Le
volcan de la Soufrière
Le
jeudi, nous nous levons à l’aube, et partons dès 6 heures du matin pour
le volcan de la Soufrière, suivant les conseils de nos nouveaux amis qui
y sont allés la semaine passée (durant laquelle ils ont eu un temps splendide,
contrairement à nous). Mal nous en prend : au bout d’une heure et demie
de route, nous arrivons en pleins nuages, le vent souffle et il fait froid.
Nous avons faille faire demi-tour parce que la route montait tellement que
la voiture a calé par deux fois : Jean-Louis
a laissé la voiture redescendre de quelques dizaines de mètres, et, avec
l’élan, nous avons retenté la montée. La deuxième tentative a été la bonne.
Seul un car rempli de bruyants passagers est stationné sur le parking. Jean-Louis
me houspille pour que j’enfile plus vite chaussettes, chaussures de montagne,
pull, survêt’ et k-way, pour suivre le groupe dans le brouillard. Ce qu’il
n’a pas prévu, c’est qu’ils suivent la route qui fait simplement le tour
du volcan, sans chercher à en atteindre le sommet. Nous passons devant une,
puis deux pancartes qui indiquent la montée sur la gauche, et, inquiète,
j’interroge des marcheurs qui nous croisent : effectivement, il faut
faire demi-tour et prendre la montée à partir du parking. Bon début !
Nous
nous décidons donc à monter seuls dans la tourmente et sans visibilité aucune.
Quand une averse violente se déclenche, Jean-Louis se tourne vers moi et
s’exclame, « Mais qu’est-ce qu’on fait ici ? ». Moi, je pense
à la ballade du « Cap Horn » que nous avions faite dans des conditions
semblables, et je continue à monter. La végétation est singulière, plus
basse bien sûr que dans la forêt tropicale, et j’essaye de mémoriser les
noms indiqués sur les panneaux destinés aux promeneurs : mangle-montagne,
siguine blanche, ananas-montagne (aux fleurs jaunes ou rouges), framboisiers,
sphaignes (mousses), lichens, fougères arborescentes et communes.
Il
s’agit d’un jeune volcan (100 000 ans).

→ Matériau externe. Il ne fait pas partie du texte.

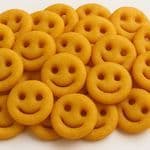 FRYTKI SMILE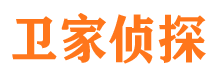 宿城外遇调查取证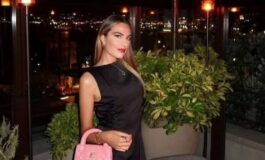 Vilipendio cadavere Pamela Genini al setaccio i campi della Bergamasca si cerca la testa della 29enne 265x160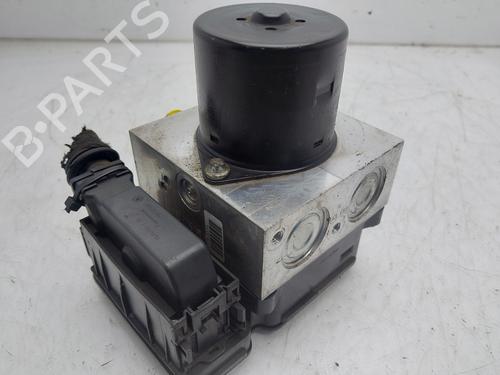 ABS pump OPEL INSIGNIA A (G09) | BP36803124M43 - Image 5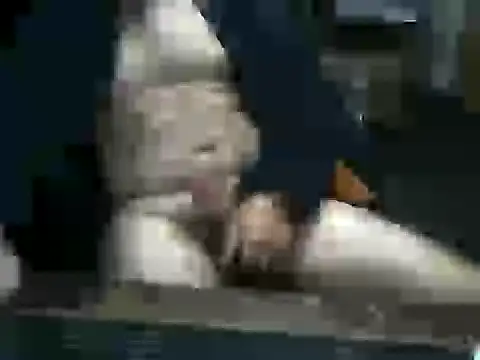 Ch3rry lover online show from October 2025 02:28:02 PM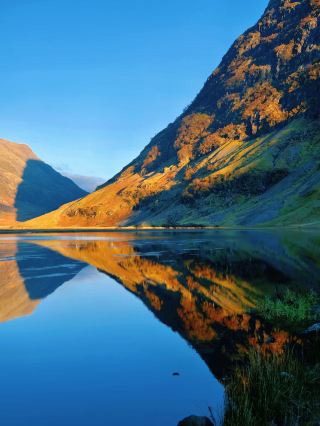 Isle of Skye, Scotland｜Complete Wonderland Check-in Guide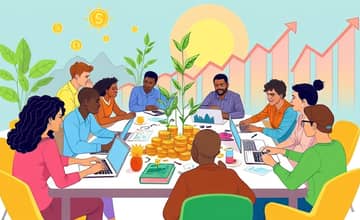 Como Investir com Pouco Dinheiro: Guia Completo Para Iniciantes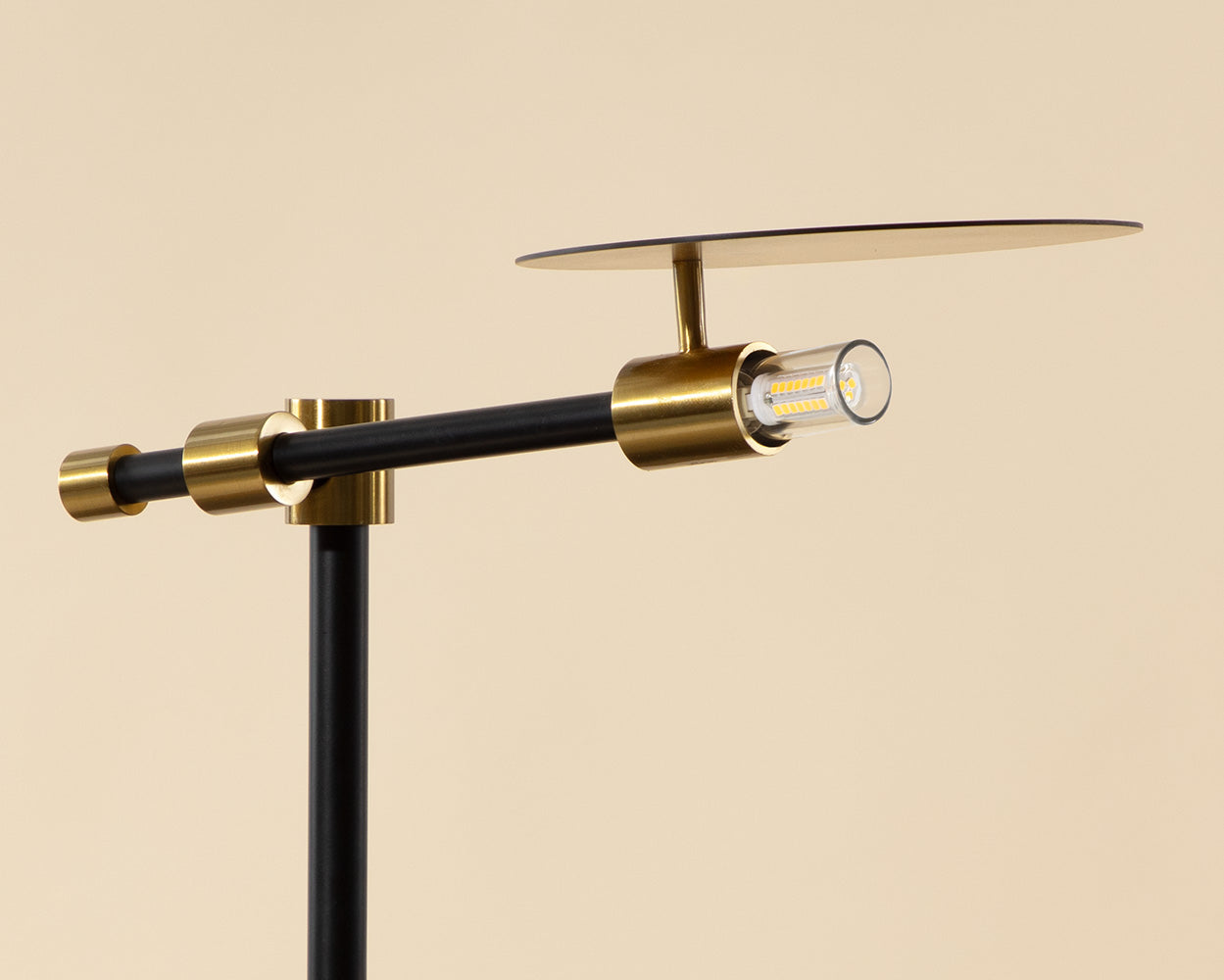 neela-table-lamp-106801 - view 7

Au XIXième siècle, Pointe à Pitre
a été entièrement détruite par un tremblement de terre. En 1976, des explosions,
jets de roches et émanations gazeuses font craindre le pire pour le village
résidentiel de Saint Paul, situé juste au bas du volcan. Le gouvernement
décide de le faire évacuer (malgré l’avis contraire d’Haroun Tazzieff).
Au bout de quelques mois, les habitants retournent chez eux, le pire n’ayant
pas eu lieu.
Toutes les appellations
sur le volcan évoquent et mentionnent le diable. Au XIXième siècle, les
Guadeloupéens ont chassé jusqu’à leur extinction les diablotins,
pétrels qui avaient pour habitude de pêcher en mer et de nicher sur les
pentes du volcan. Le problème, c’est que la femelle ne pondait qu’un œuf
par an ! A ce rythme, ils n’ont pas pu résister aux prédateurs humains.
Arrivés
à la barrière qui interdit l’accès aux cratères, nous la franchissons allègrement
et découvrons un peu plus haut un panneau qui nous félicite d’être arrivés
jusque là ! La montée se poursuit, en suivant les balises jaunes au
sol, puis les poteaux coupés en biseau au méplat peint en jaune fluorescent
orienté vers le marcheur qui monte, afin qu’il ne s’égare pas dans le brouillard.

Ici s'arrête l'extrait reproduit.